About this task
Take the lines in the listing below from the line with "Компьютерное кресло Spark/Спарк" up to and including the line with "Product Image 3" and set them down exactly, skipping pictures and adding nothing.

Provided information
********

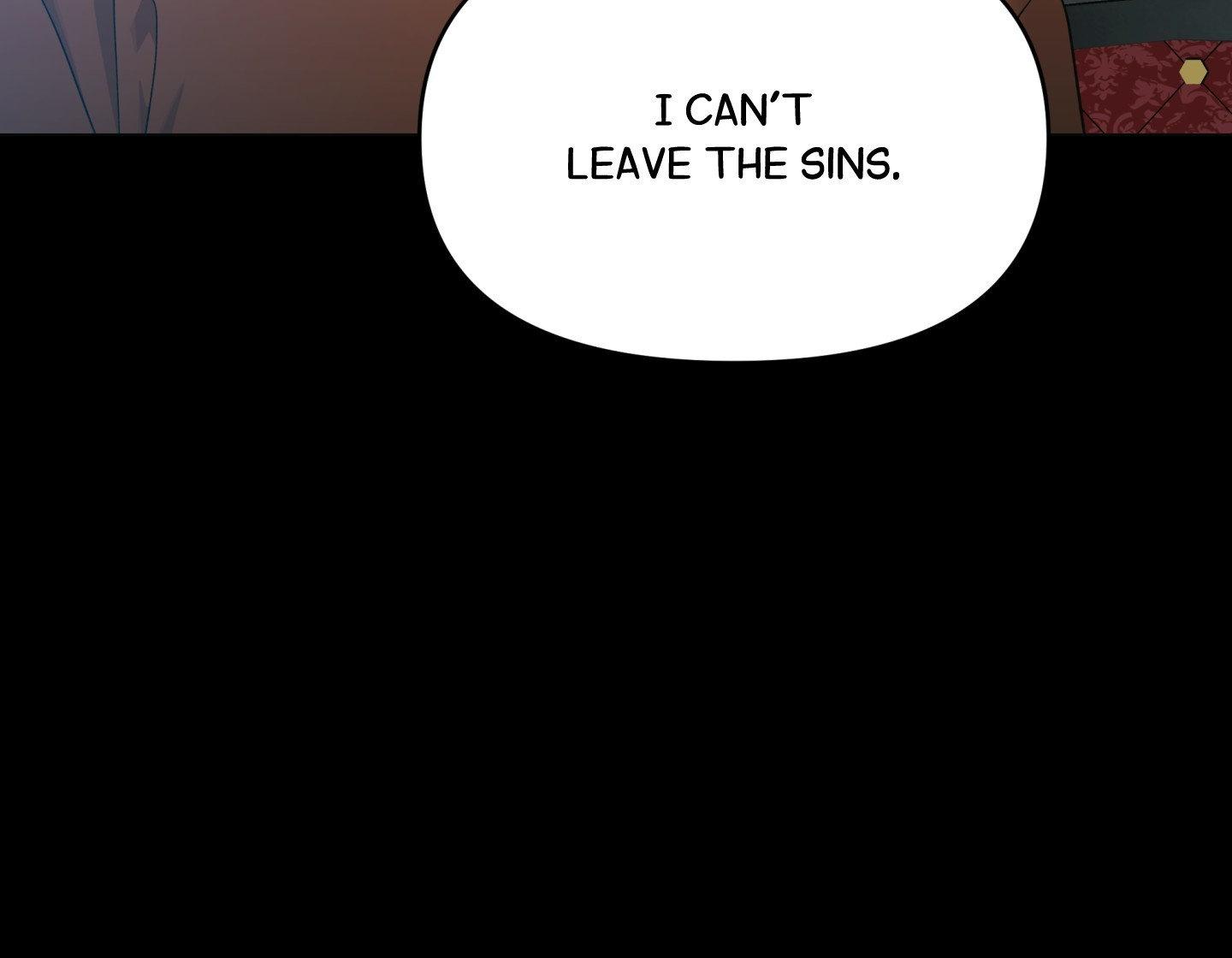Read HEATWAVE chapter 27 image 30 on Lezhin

********

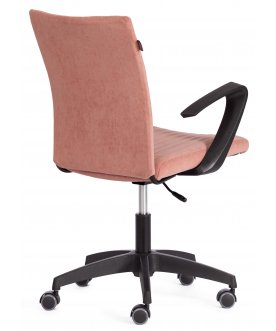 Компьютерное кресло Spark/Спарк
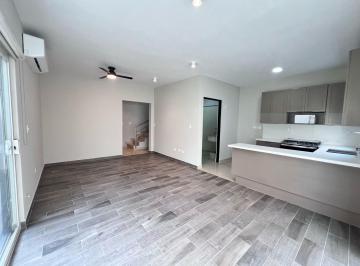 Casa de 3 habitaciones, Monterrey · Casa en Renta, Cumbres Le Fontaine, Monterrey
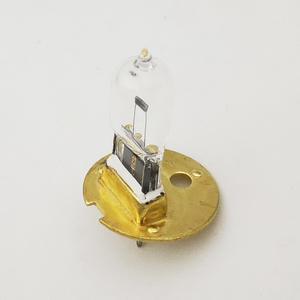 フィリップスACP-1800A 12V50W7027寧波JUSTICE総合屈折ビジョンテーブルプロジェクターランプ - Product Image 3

********

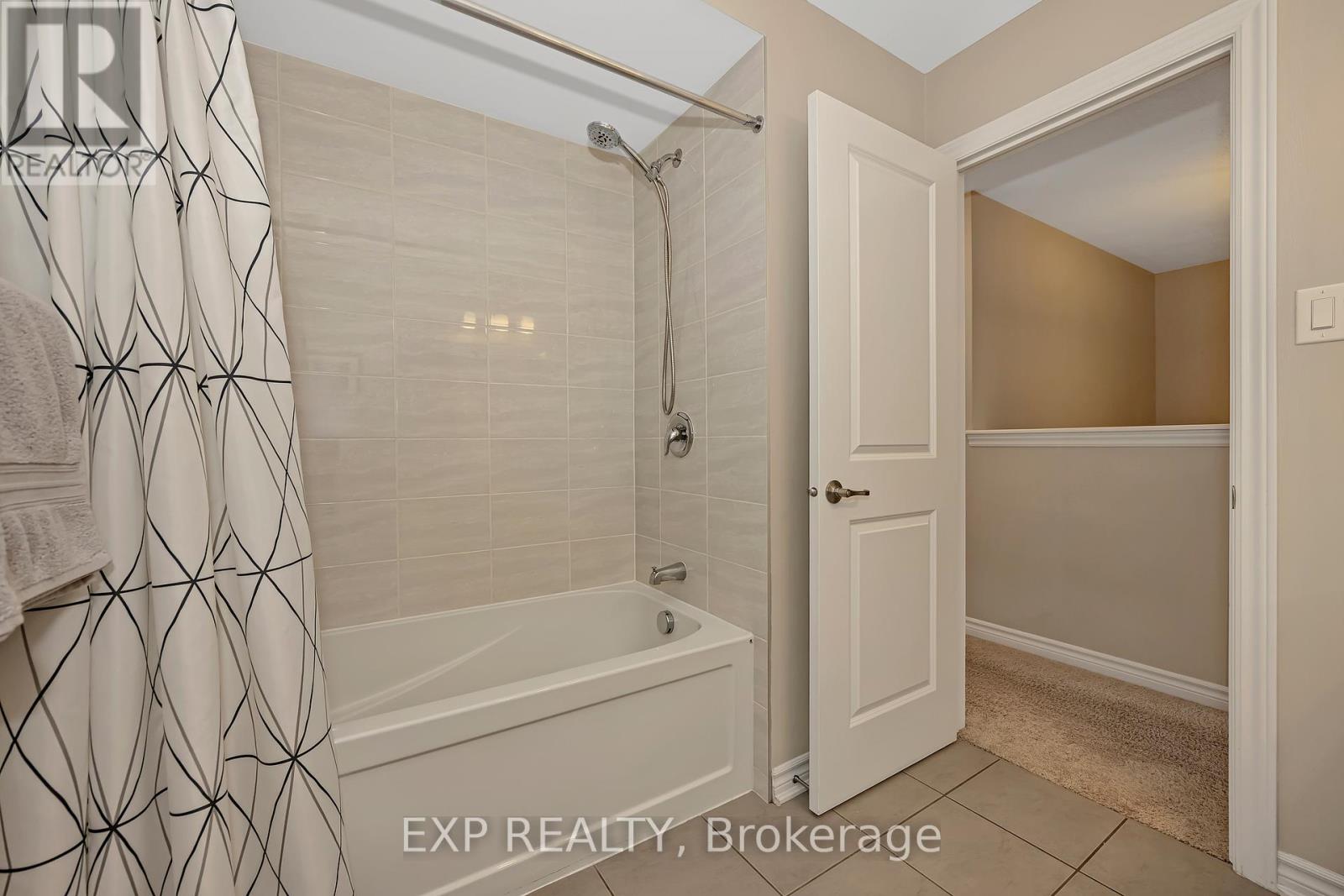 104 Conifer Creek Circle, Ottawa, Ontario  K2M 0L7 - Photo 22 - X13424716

********

Solution for this task
 Компьютерное кресло Spark/Спарк
 Casa de 3 habitaciones, Monterrey · Casa en Renta, Cumbres Le Fontaine, Monterrey
 フィリップスACP-1800A 12V50W7027寧波JUSTICE総合屈折ビジョンテーブルプロジェクターランプ - Product Image 3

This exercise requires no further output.